Sri Aurobindo
Early Cultural Writings
(1890 — 1910)
Part Two. On Literature
On Poetry and Literature
Sketch of the Progress of Poetry from Thomson to Wordsworth
The Age of transition from the poetry of Pope to that of Wordsworth begins strictly speaking with Thomson. This transition was not an orderly and consistent development, but consisted of different groups of poets or sometimes even single poets each of whom made a departure in some particular direction which was not followed up by his or their successors. The poetry of the time has the appearance of a number of loose and disconnected threads abruptly broken off in the middle. It was only in the period from 1798 to 1830 that these threads were gathered together and a definite, consistent tendency imparted to poetry. It was an age of tentatives and for the most part of failures. Meanwhile the main current of verse up till 1798 followed the direction given it by Pope only slightly modified by the greater and more original writers.

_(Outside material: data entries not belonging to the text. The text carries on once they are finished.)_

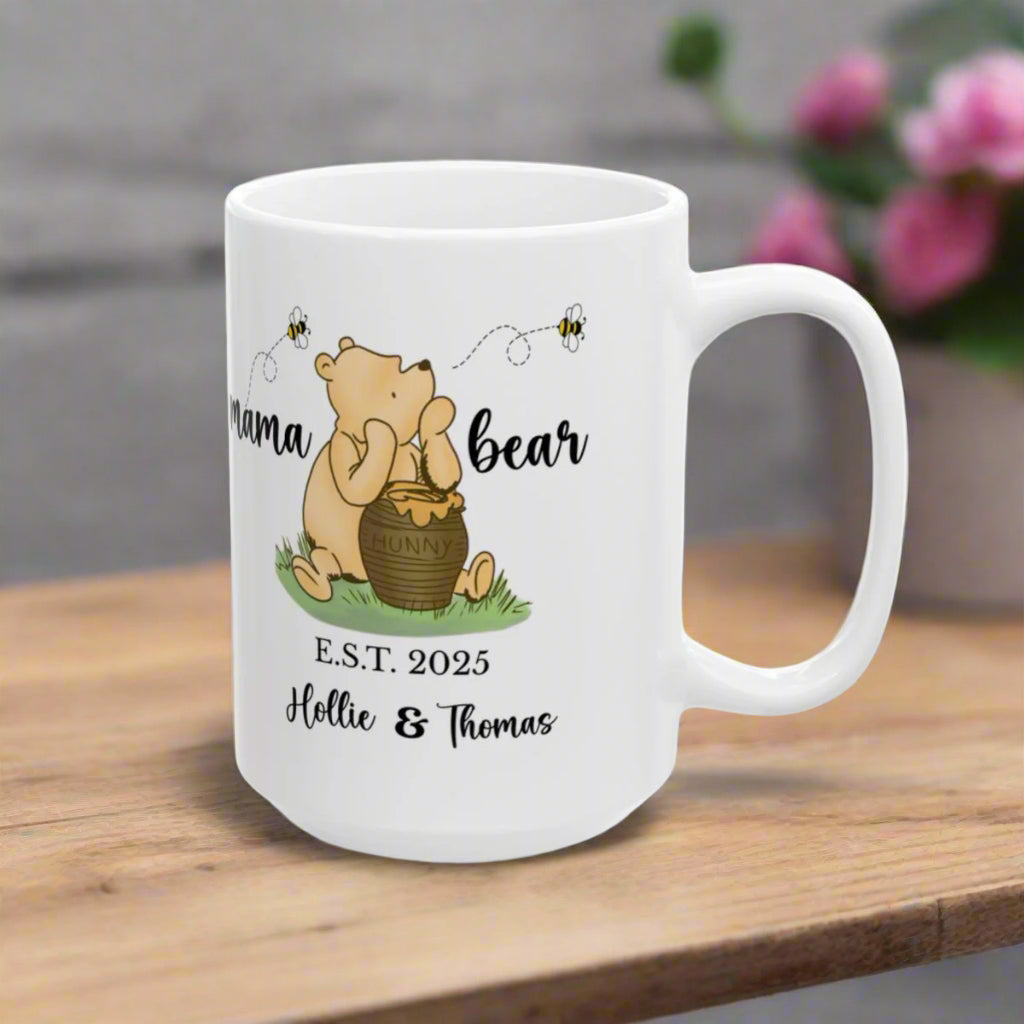 Personalized Mama Bear Ceramic Mug, (11oz, 15oz) - Kim’s Signature Beauty & Accessories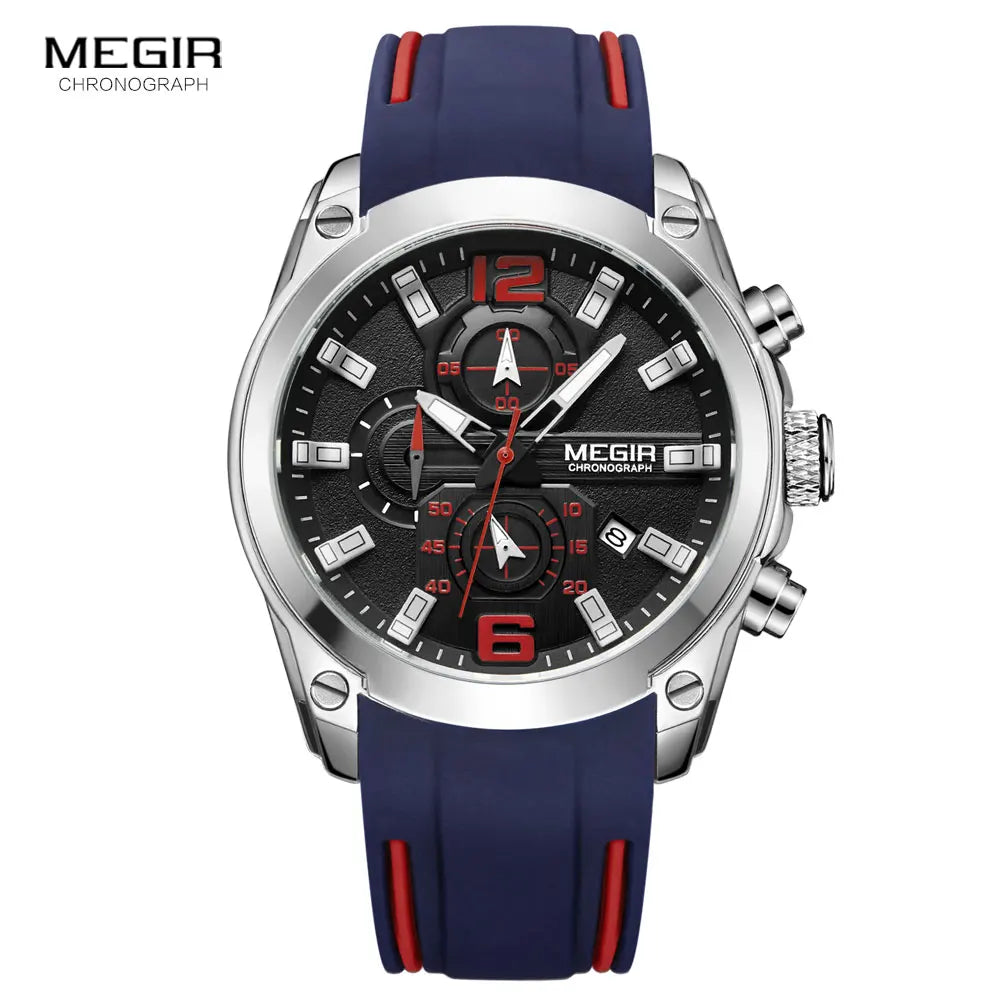 Megir Men's Chronograph Analog Quartz Watch With Date, Luminous Hands, Waterproof Silicone Rubber Strap Wristswatch for Man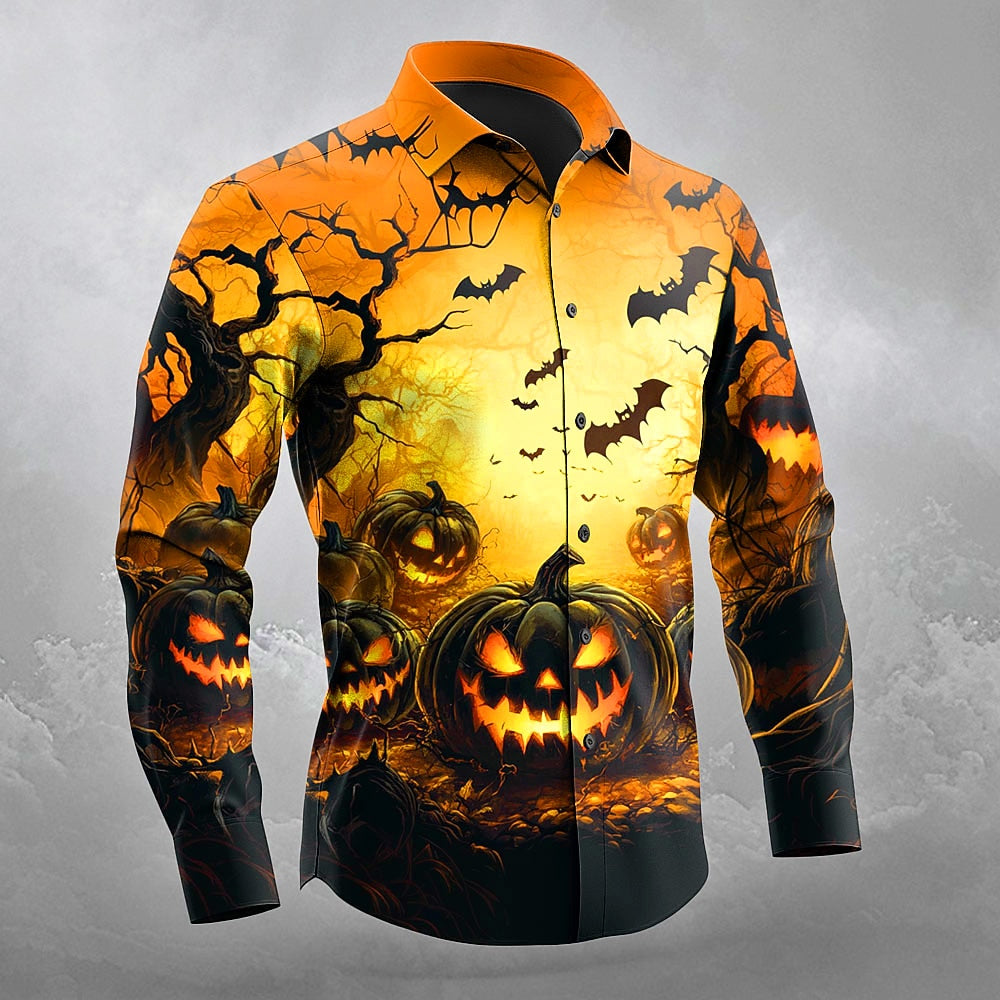 Men's Pumpkin Jackolantern Button Shirt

These different groups of writers may be thus divided. (1) The school of natural description and elegiac moralising, consisting of Thomson, Dyer, Green, Young and other inferior writers. (2) The school of Miltonic Hellenists, begun by Warton and consisting besides of Gray, Collins, Akenside and a number of followers. (3) The school of Johnson, Goldsmith and Churchill, who continued the eighteenth-century style tho’ some of them tried to infuse it with emotion, directness and1 greater simplicity. To this school belong the minor writers who formed the main current of verse during the time; of whom Erasmus Darwin and Gifford are the only notable ones. (4) The school of country life and the simpler feelings, consisting of Cowper and Crabbe. (5) The school of romantic poets and restorers of mediaevalism, consisting of Chatterton, Macpherson and Percy. (6) The Scotch lyric poets of whom Ferguson and Burns are the head. (7) William Blake standing by himself as a romantic, mystical and lyric poet. Besides these there are two writers who cannot be classed, Smart and Beattie. Last come the first nineteenth-century poets, who published their earliest work in 1798 – 1800, Wordsworth, Coleridge, Southey, Landor and Campbell.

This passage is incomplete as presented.